O aumento de DSTs entre jovens brasileiros
Enviada em 24/10/2019
A primeira epidemia de DSTs, Doenças Sexualmente Transmissíveis, data no ano de 1490, com a sífilis, a qual trouxe muitas dores e desgraças para as populações mundiais. Todavia, somente em 1943, com a descoberta da penicilina, que se encontrou à cura dessa doença nociva, minimizando às ocorrências. Entretanto, hodiernamente houve a ascensão dessas DSTs entre jovens no Brasil. Dessa forma, faz-se pertinente salientar que à ausência do uso de preservativos, bem como o tabu a respeito do tema corroboram para o aumento dos casos no país.
Em primeiro lugar, a incúria dos indivíduos em se proteger funciona como um fator determinante que auxilia gradativamente na contaminação entre jovens. Segundo a UNAids, órgão que trata dos casos de DSTs, em 2016 foram registrados 48 mil casos no Brasil. Isso porque os jovens não viveram uma epidemia como a de 1490, que por sua vez causou inúmeros enfermos a sociedade da época, o que os deixas despreocupados no que diz respeito ao uso de preservativos. Contudo, outrora essas doenças sexuais ocasionaram várias mortes por todo o mundo. Em suma, deve-se atenuar tais ações comportamentais hodiernamente.

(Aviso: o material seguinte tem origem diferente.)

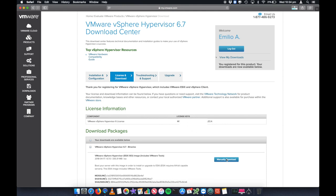So that is really it. The download is just about to finish right here. That's the simple steps on how to download the vSphere hypervisor 6.7 from the VMware website. I hope you found this helpful. Comment below if you did find it helpful, and we'll talk to you next time.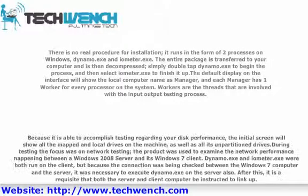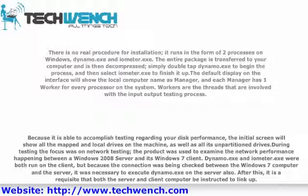Because it is able to accomplish testing regarding your disk performance, the initial screen will show all the mapped and local drives on the machine, as well as all its unpartitioned drives. During testing, the focus was on network testing. The product was used to examine the network performance happening between a Windows 2008 server and its Windows 7 client.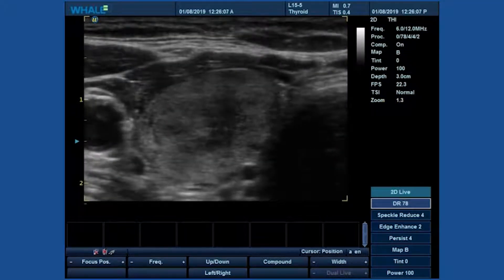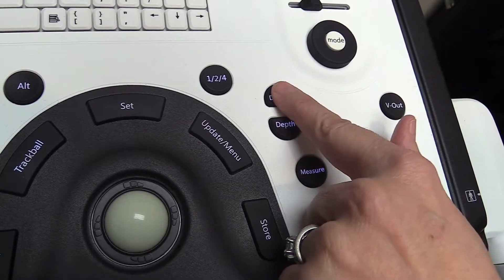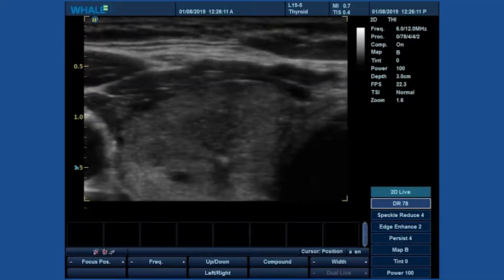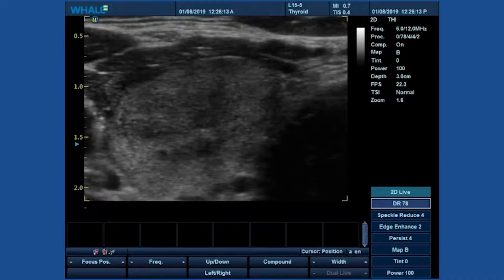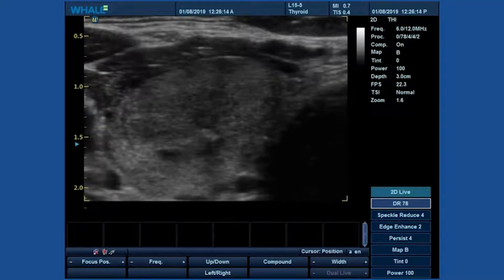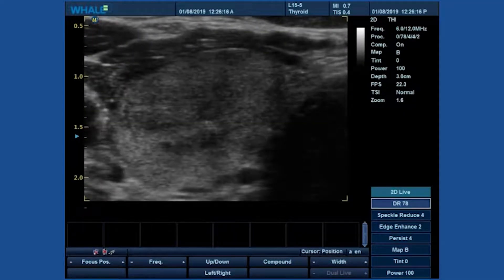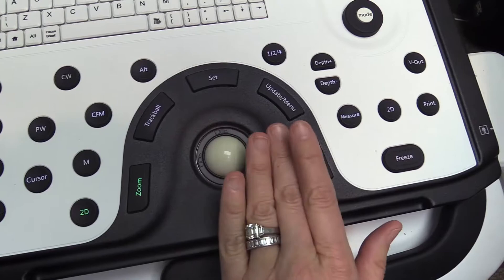To increase the zoom, use the depth plus key. If you lose sight of your imaging area, you may use the trackball to pan around the image.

Outrossim, as famílias veem o tema como banal consequentemente contribuindo para a manutenção do empecilho. De acordo com a Secretária de Saúde, em 2014 aconteceram 29 mil casos de DSTs no país, com restrição a faixa etária de 20 a 29 anos. Isso ocorre devido a banalização do assunto no ambiente familiar, assim não há o diálogo dos mais velhos com os mais jovens a respeito do assunto, pois segundo eles, os responsáveis, estariam induzindo os jovens a praticar relações sexuais. O qual cria um pensamento utópico nos jovens que acham que estão seguros ao ter relações sexuais sem o uso de preservativos, nesse contexto corroborando para a realidade vigente. Logo, torna-se fulcral minimizar esse comportamento errôneo, manter relações sexuais sem preservativos, do corpo social brasileiro.
Portanto, ponderado as razões que contribuem para a ascensão do entrave das DSTs no país. Cabe ao Estado em parceria com escolas de ensino médio mitigar à problemática. Para tanto, não só deve haver a divulgação das mazelas tragas pelas DSTs, nas escolas, mas também círculos de debates e campanhas que abordem de forma clara e eficaz o tema. Ademais, a família tem que quebrar o tabu, mediante a abordagem sobre o assunto como algo comum, onde o jovem possa entender que essas doenças só trazem dor e sofrimento, nesse viés mitigando o conservadorismo contemporâneo. Posto isso, será plausível minimizar as causas da ascensão dessas doenças, diminuindo também as pessoas contaminadas. Dessa forma, possa-se evitar uma epidemia semelhante a do século XVI.